The Treasury Department is withdrawing a proposed regulation that would have changed how wealthy business owners can pass on businesses to children and other heirs.
Currently, individuals are able to discount valuations of stakes in family-controlled businesses in order to reduce the taxes due upon transfer of that entity during one's lifetime or at death. A 40% levy is applied to estate values exceeding $5.49 million.
The rule,
proposed in the waning months of the Obama administration under Section 2704 of the tax code, would have eliminated such business-valuation discounts and, in the process, a key tax-planning strategy used by the super wealthy.
"Treasury and the IRS currently believe that these proposed regulations should be withdrawn in their entirety," Treasury Secretary Stephen Mnuchin wrote in a
document published Monday that lays out areas identified as tax regulatory burdens.
The Treasury and Internal Revenue Service plan to publish a withdrawal of the proposed regulation "shortly" in the Federal Register, according to the document, which called the rule "unworkable."

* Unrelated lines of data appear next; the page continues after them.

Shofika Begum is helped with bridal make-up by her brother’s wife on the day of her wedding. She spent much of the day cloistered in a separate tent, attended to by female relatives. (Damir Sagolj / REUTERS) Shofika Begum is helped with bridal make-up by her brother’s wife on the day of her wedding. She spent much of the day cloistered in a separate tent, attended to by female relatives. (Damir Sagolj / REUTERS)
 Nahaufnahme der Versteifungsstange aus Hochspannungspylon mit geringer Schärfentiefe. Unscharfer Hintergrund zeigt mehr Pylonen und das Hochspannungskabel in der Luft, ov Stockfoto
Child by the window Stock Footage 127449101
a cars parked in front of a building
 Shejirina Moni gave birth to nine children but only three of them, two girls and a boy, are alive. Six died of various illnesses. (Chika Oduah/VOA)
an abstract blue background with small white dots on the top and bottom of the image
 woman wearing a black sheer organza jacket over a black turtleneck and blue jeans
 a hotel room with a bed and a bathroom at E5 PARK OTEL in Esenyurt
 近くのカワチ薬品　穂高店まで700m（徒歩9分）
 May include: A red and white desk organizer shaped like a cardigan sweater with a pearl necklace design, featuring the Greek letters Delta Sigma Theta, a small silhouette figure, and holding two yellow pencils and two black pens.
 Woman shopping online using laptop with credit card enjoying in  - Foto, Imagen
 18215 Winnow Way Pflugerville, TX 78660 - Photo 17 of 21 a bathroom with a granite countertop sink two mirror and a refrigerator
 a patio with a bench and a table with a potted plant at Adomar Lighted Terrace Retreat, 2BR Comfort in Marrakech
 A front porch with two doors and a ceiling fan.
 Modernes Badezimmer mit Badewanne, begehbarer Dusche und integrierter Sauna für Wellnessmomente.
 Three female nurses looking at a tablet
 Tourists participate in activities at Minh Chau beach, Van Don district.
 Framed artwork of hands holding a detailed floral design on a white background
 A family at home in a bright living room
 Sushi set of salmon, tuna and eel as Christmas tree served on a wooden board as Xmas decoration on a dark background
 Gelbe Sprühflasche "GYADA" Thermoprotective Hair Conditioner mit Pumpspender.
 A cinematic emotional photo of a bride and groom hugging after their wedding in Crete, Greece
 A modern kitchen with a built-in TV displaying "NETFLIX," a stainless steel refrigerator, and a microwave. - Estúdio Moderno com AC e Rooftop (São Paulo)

The Obama administration's primary aim was to prevent a tax strategy allowing wealthy individuals to put marketable securities into a business like a limited partnership, and transfer those securities at a discounted valuation.
"The IRS thought that was gaming the system. They really bristled at that," said Richard Behrendt, an estate planning attorney at Behrendt Law.
However,
critics of the regulation believed it to be overly broad, thereby hurting family businesses in order to curb the abuse, Mr. Behrendt said.
A repeal of the federal estate tax, as has been proposed by congressional Republicans and the Trump administration as part of a tax-reform package, would also have meant
scrapping the regulation.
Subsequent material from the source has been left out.